I love incorporating the flavors of the season into my cupcakes. Chocolate mint is comforting in the winter and is absolutely delicious in this cupcake. Top with a drizzling of chocolate and crushed peppermint sticks for that extra touch.
- Cook Time
- Prep Time
- 12 cupcakes ServingsServings
- 1 1/4 cup all purpose flour
- 1/2 cup cocoa powder
- 1/3 cup canola oil
- 1 tsp vanilla
- 3/4 tsp baking soda
- 3/4 cup buttermilk (Pareve: Add 3/4 tbsp lemon juice to 3/4 cup soy milk)
- 1/2 cup semisweet chocolate chips
- 1/4 tsp salt
- 1 cup granulated sugar
- 1 egg
- 1 cup butter (Pareve-Margarine)
- 1 tsp vanilla
- 3 cups powdered sugar (Add more with discretion for thicker frosting)
- 3 tbsp heavy cream or milk (Pareve: Soymilk works just fine)
- Crushed Peppermint Candy Canes or Sticks
Preheat oven to 350°F and line your cupcake pan with your desired cupcake wrappers.
Whisk flour, cocoa powder, baking soda and salt together in a small bowl.
Whisk sugar, oil, egg and vanilla in a large bowl until smooth.
Whisk in the flour mixture from your small bowl and your buttermilk, alternating each.
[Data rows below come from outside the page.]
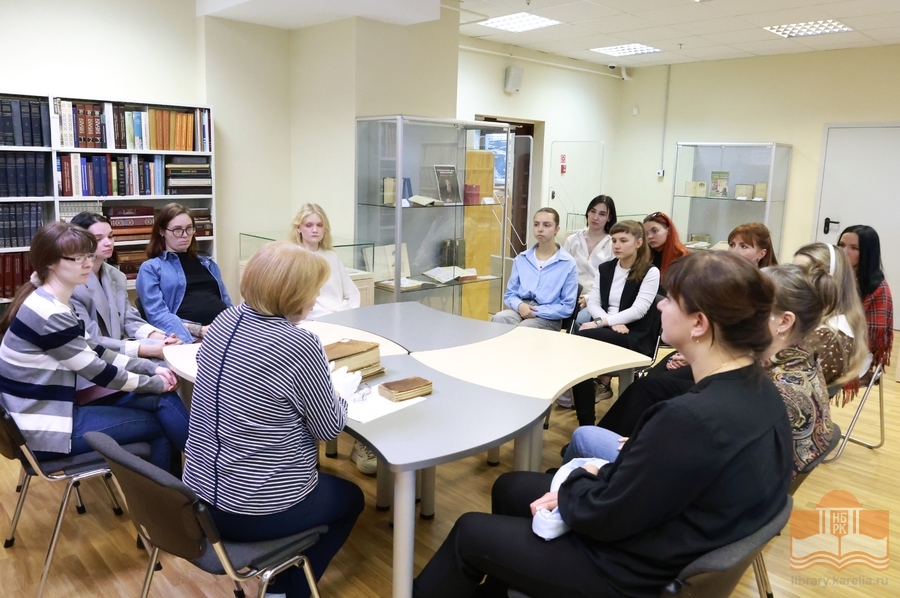 Cтуденты Института педагогики и психологии ПетрГУ в секторе редких книг и работы с книжными памятниками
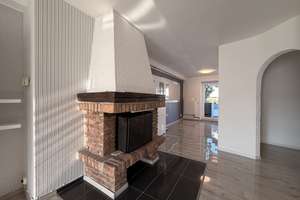 Wohnkomfort auf drei Ebenen – Exklusives Reihenmittelhaus mit Kamin, Balkone und Garage – Am Spörkel 29a, 44227 Menglinghausen, Dortmund – Vorschaubild 13
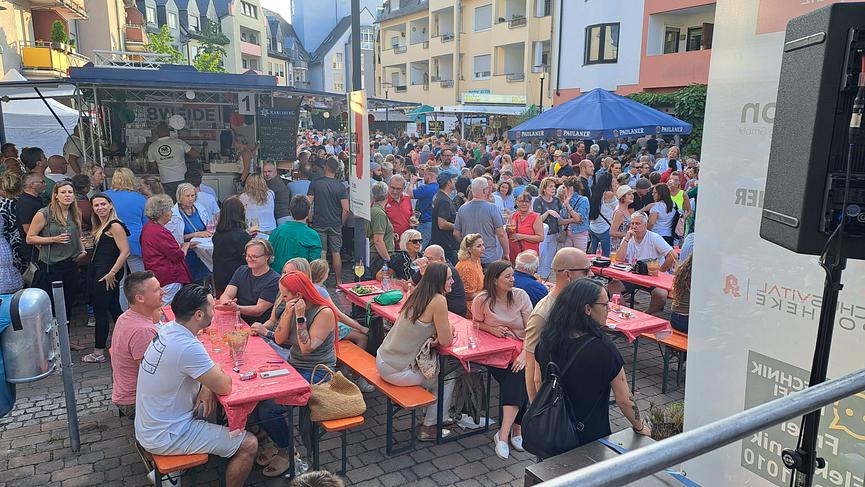 Bild 9 italienische internationale Hochzeitsband Sänger buchen.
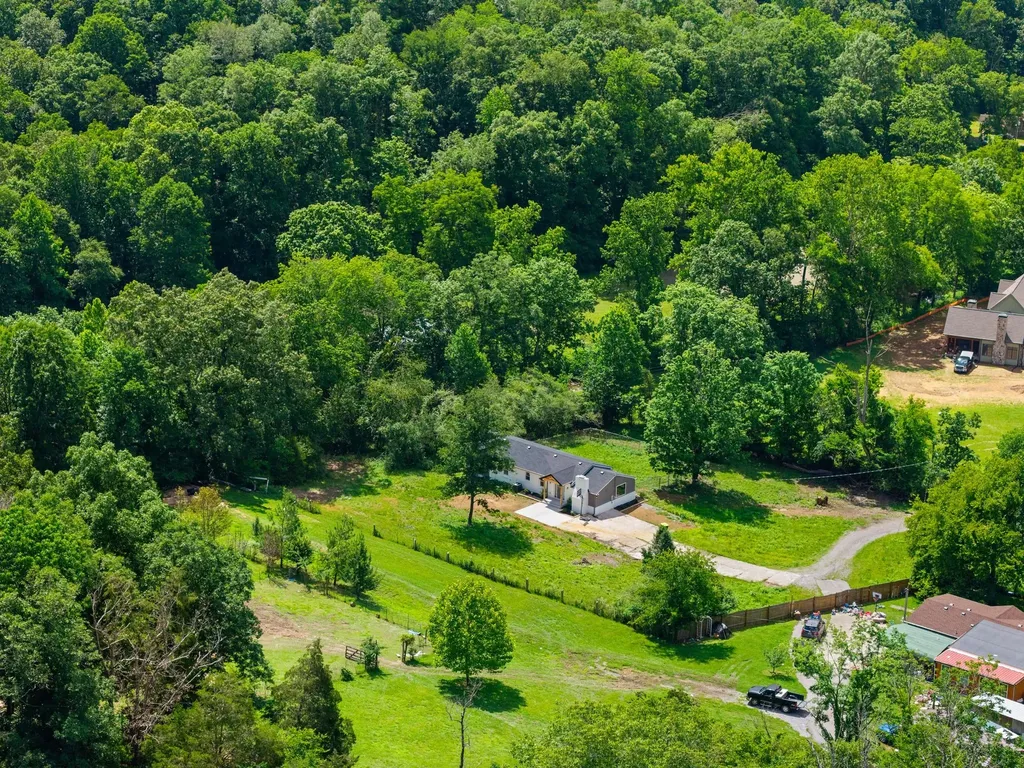 5333 Whites Creek Pike Whites Creek TN 37189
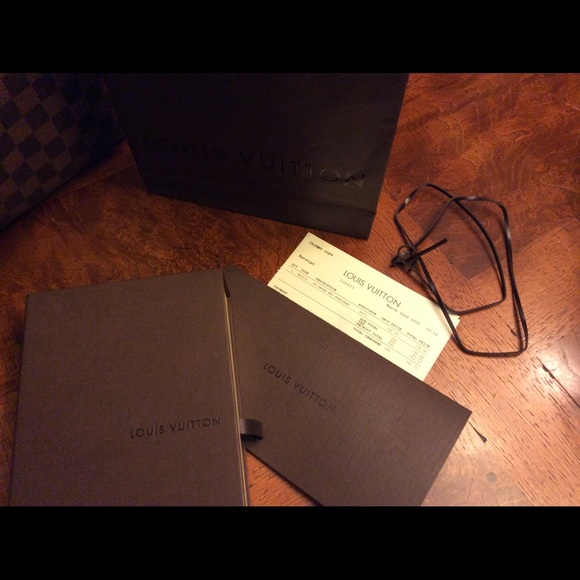 Of Sarah wallet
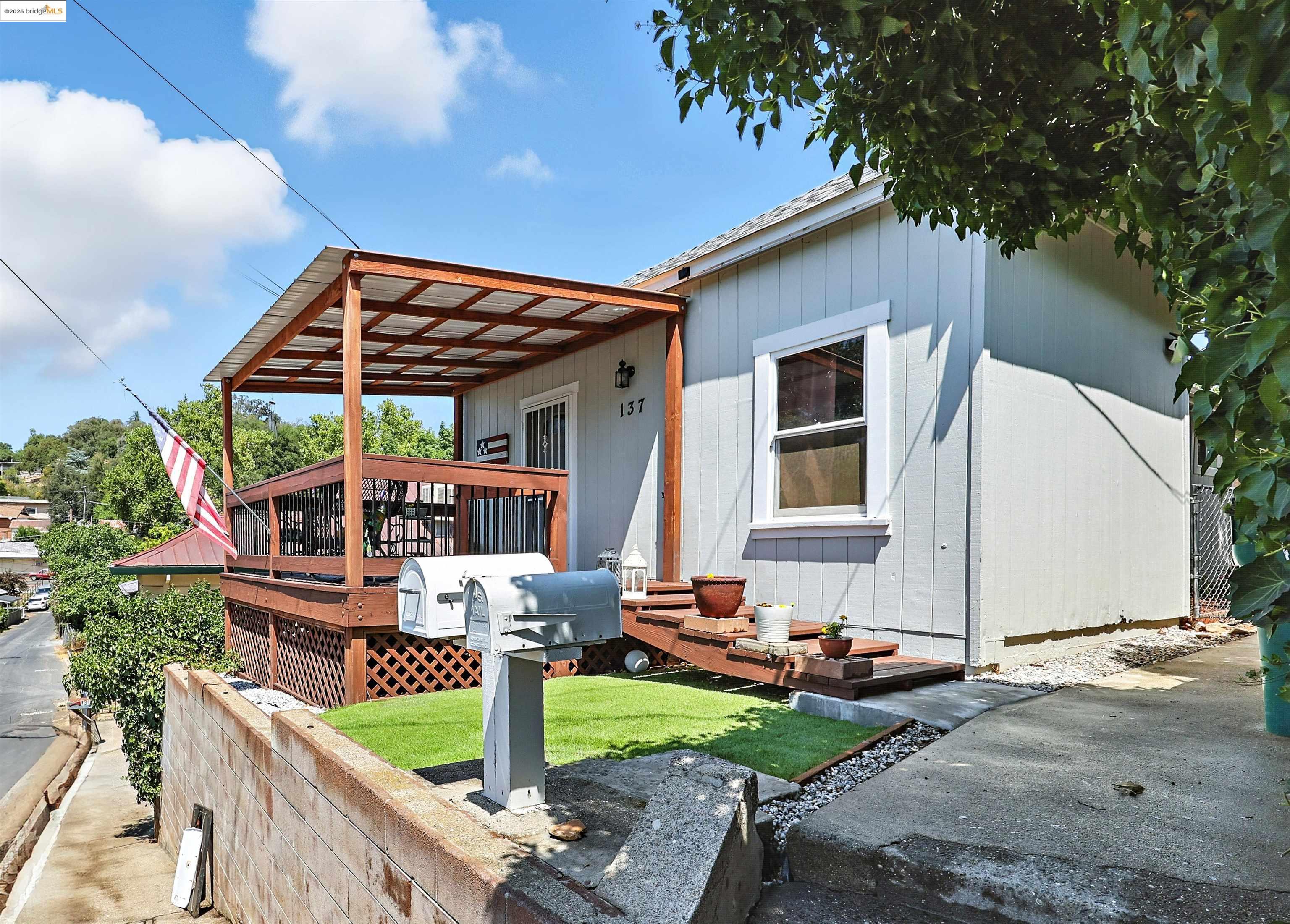 Detail Gallery Image 1 of 50 For 137 Barretta St, Sonora,  CA 95370 - 4 Beds | 3 Baths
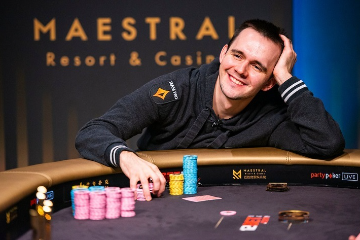Никита Бодяковский получил 1 000 000$ за победу на WPT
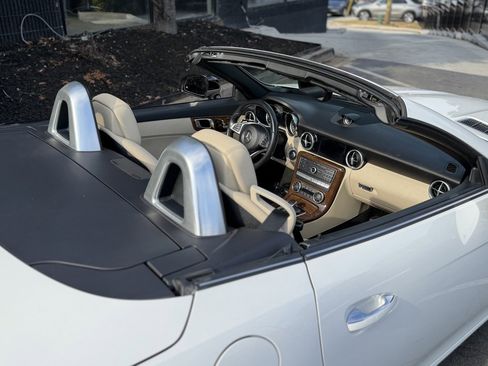 Used 2019 Mercedes-Benz SLC 300 image 47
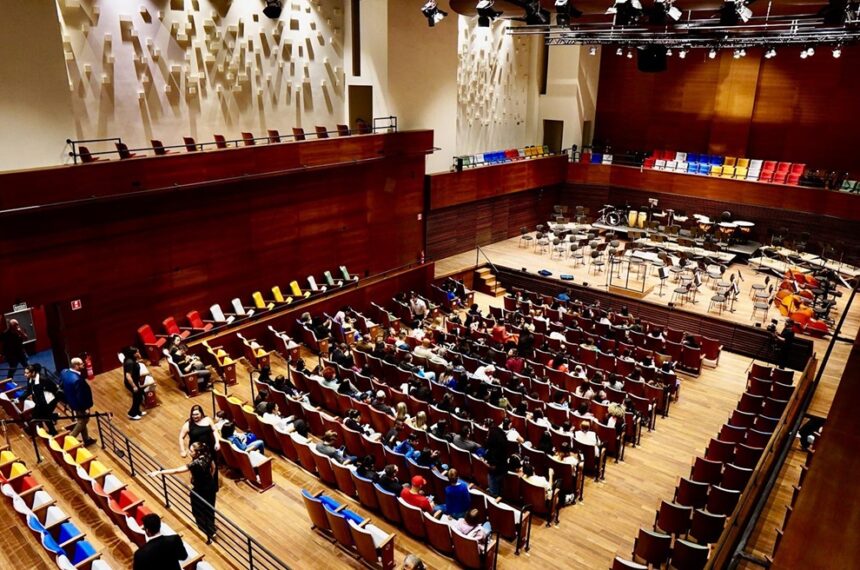 Teatro Baccarelli - Heliópolis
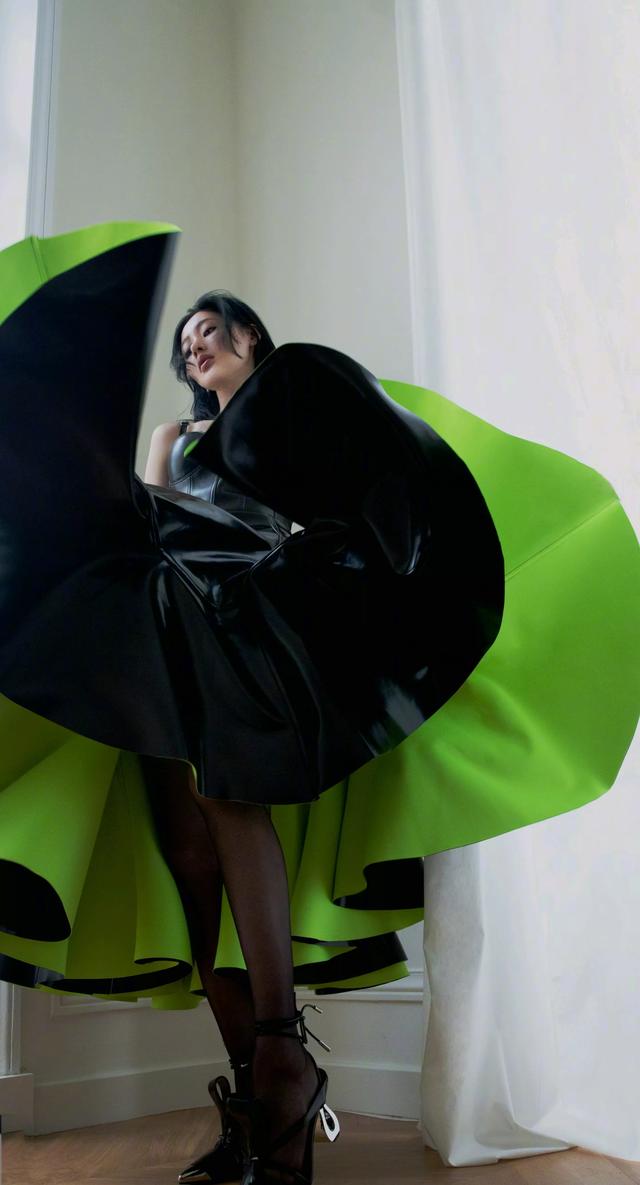 张天爱时尚芭莎封面 ???，你们说美不美呀！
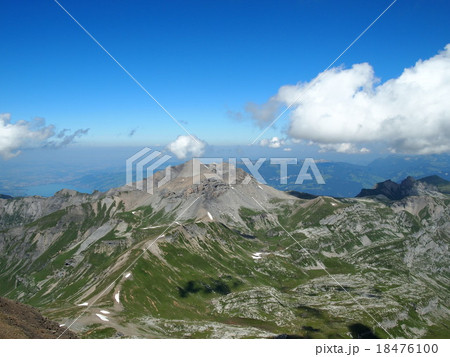 スイスアルプスの景色 18476100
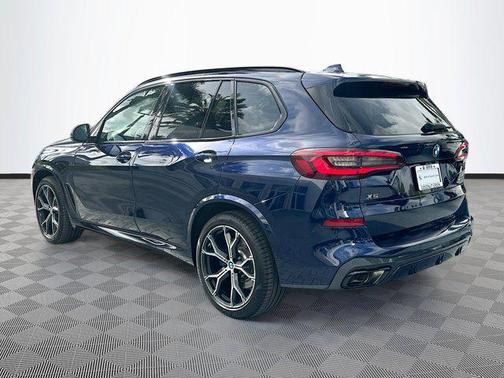 2023 BMW X5 M50i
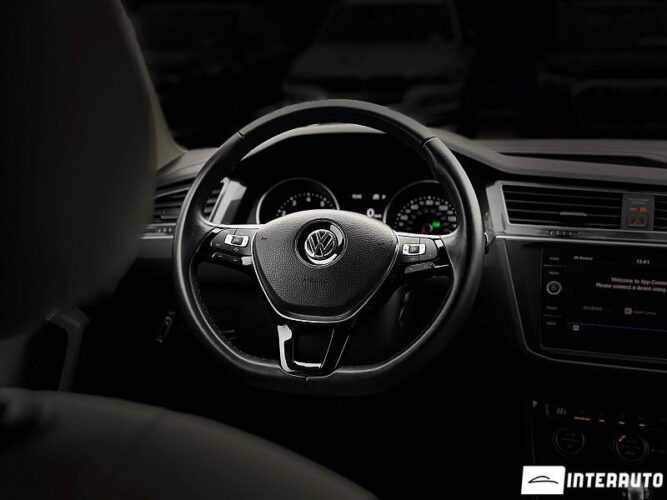 Volkswagen Tiguan 37 interauto-car
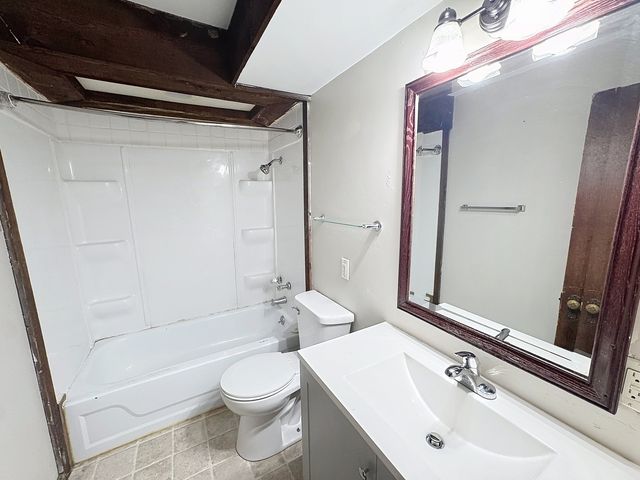 1200 20th Street, Rock Island, IL 61201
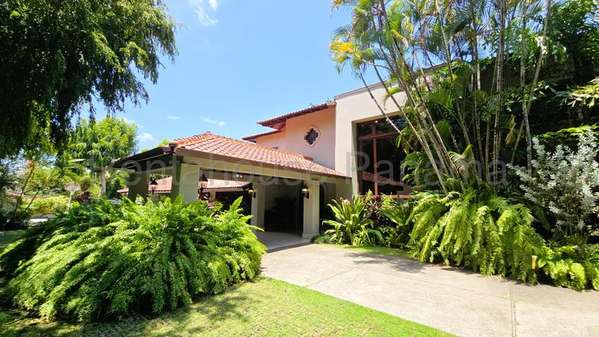 Casa en Venta en Altos del Golf JG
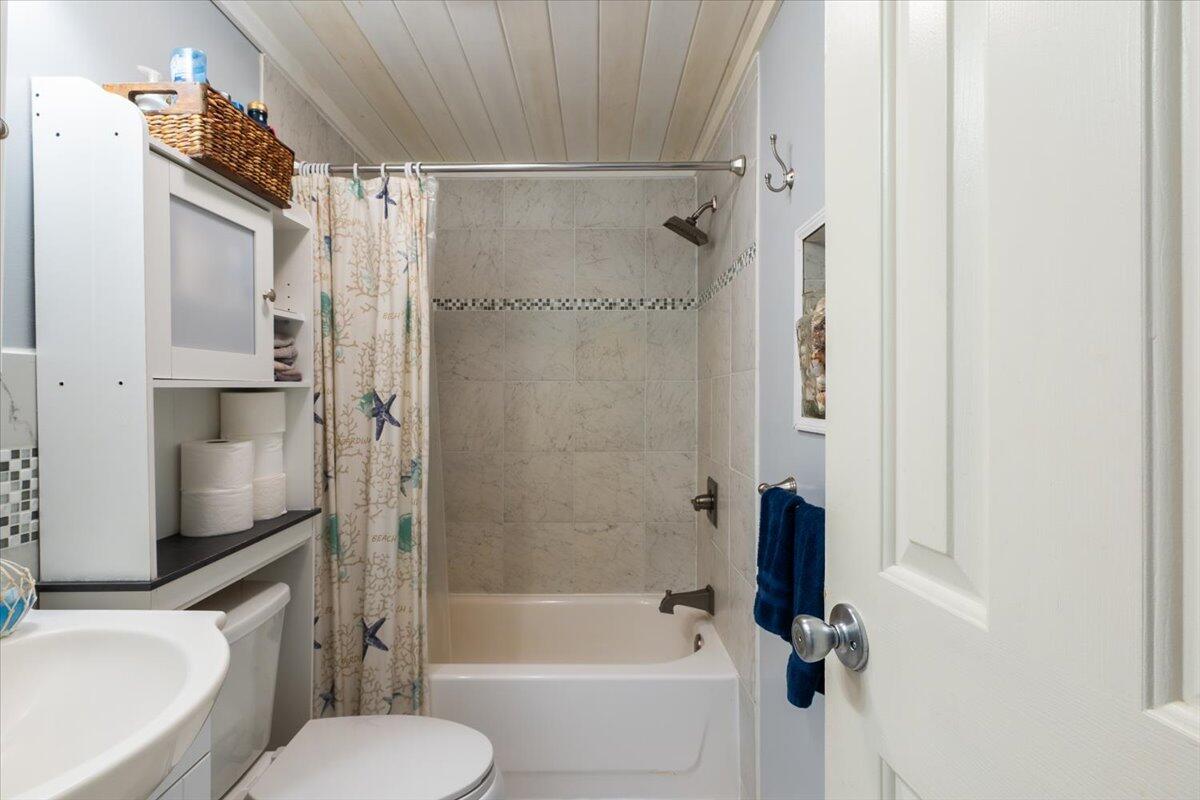 25 Pine View Ridge Road Boothbay ME 04537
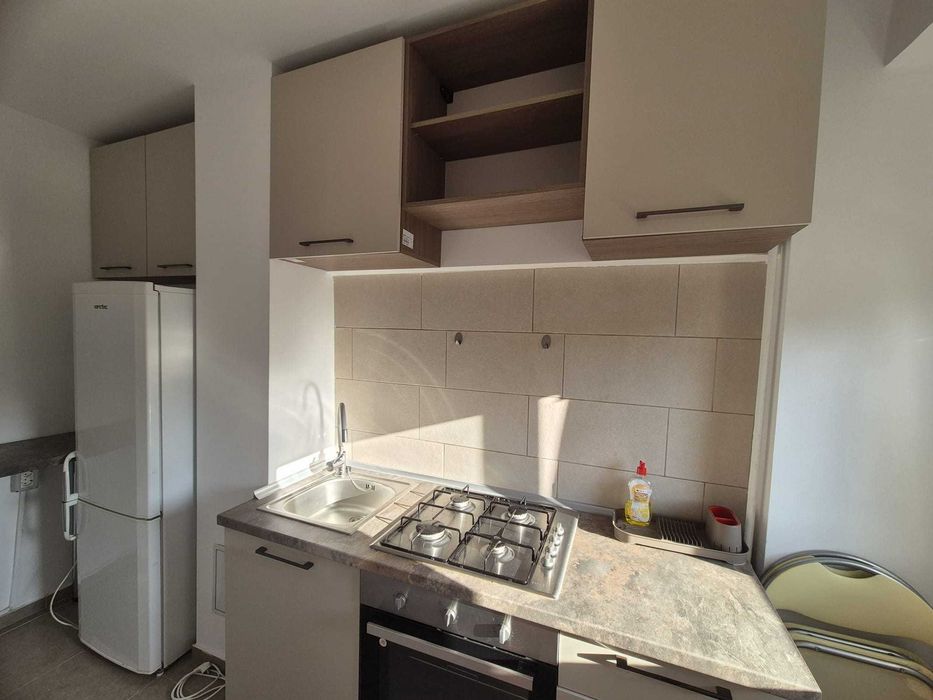 PARTICULAR Comision 0% | Garsonieră Tineretului/Sincai, 2 min metrou, renovată, mobilată, AC, boiler, balcon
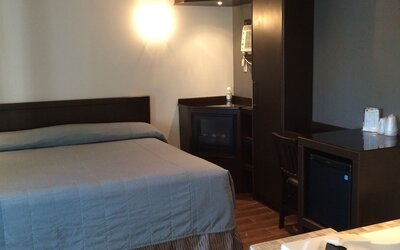Olux Hotel Motel & Suites
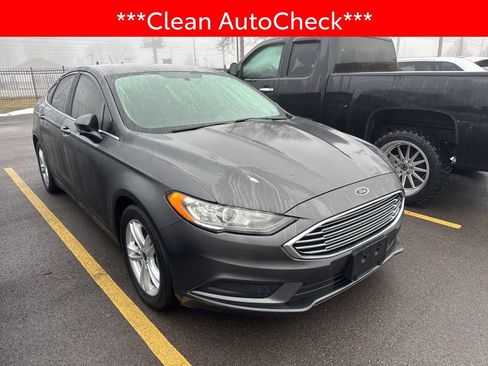 Used 2018 Ford Fusion SE w/ Fusion SE Technology Package image 3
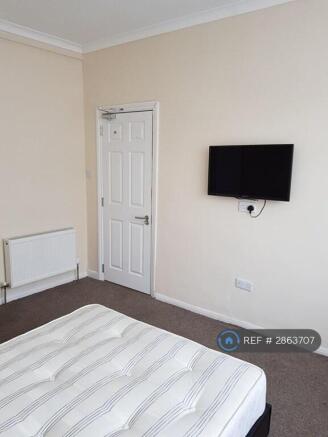 Room 1 - d/s Front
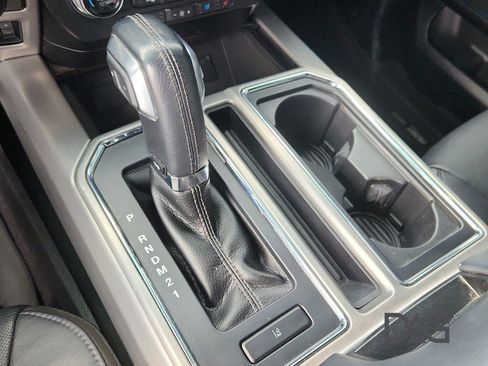 Used 2016 Ford F150 Platinum w/ Equipment Group 701A Luxury image 32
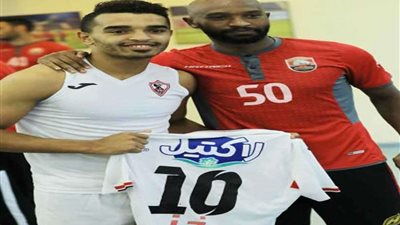 شاهد.. أوباما يداعب شيكابالا بعد مشادته مع أحمد فهمي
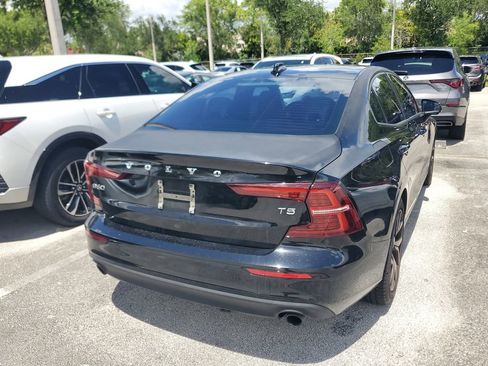 Used 2020 Volvo S60 T5 Momentum FWD image 8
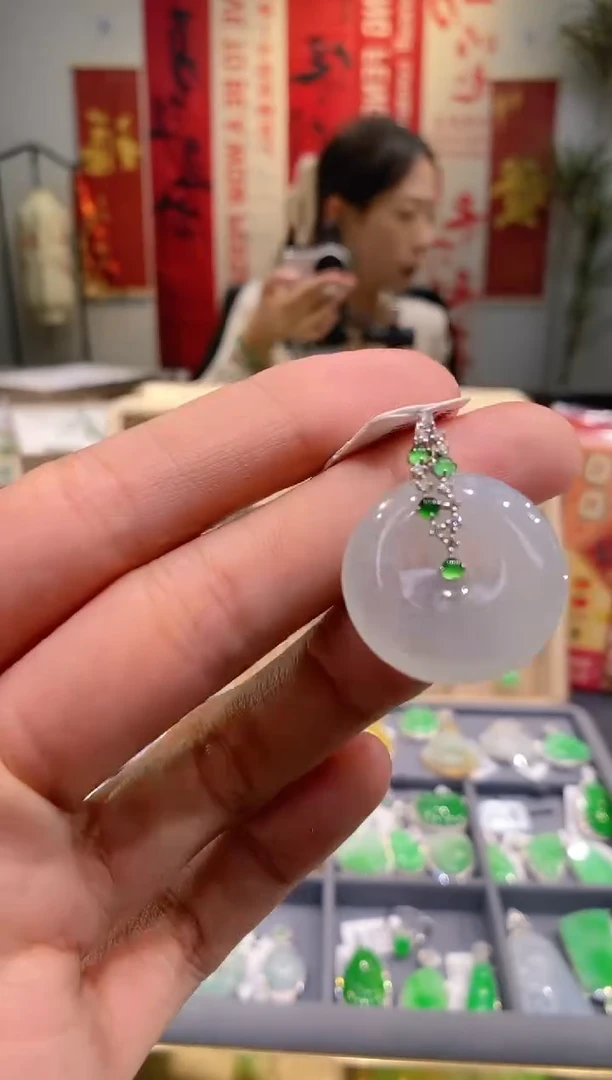 【闪购商品】翡翠吊坠(不含链)18K金镶嵌平安扣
Make there additions of the flour mixture and two of the buttermilk. Beat until batter is smooth. Then you can stir in your chocolate chips.
Scoop batter into your prepared pan. Bake for 22 to 27 minutes, or until tops of cupcakes spring back when lightly touched. I like to stick a toothpick in one and if it comes out clean of any cake, you know they are ready. Let cool in pan on rack for about 10 minutes. Then you can let them cool completely on rack out of the pan.
In a standing mixer, beat butter (or margarine) until creamy. Mix in vanilla and powdered sugar. Add one tablespoon of heavy cream or milk at a time until buttercream is soft. Crush your candy canes in a food processor until VERY fine and add into buttercream.
Chocolate Drizzle and Candy Pieces:
Melt chocolate chips on double broiler or in microwave until chocolate is smooth. Drizzle over cupcakes with spoon. Sprinkle any remaining processed candy pieces on top.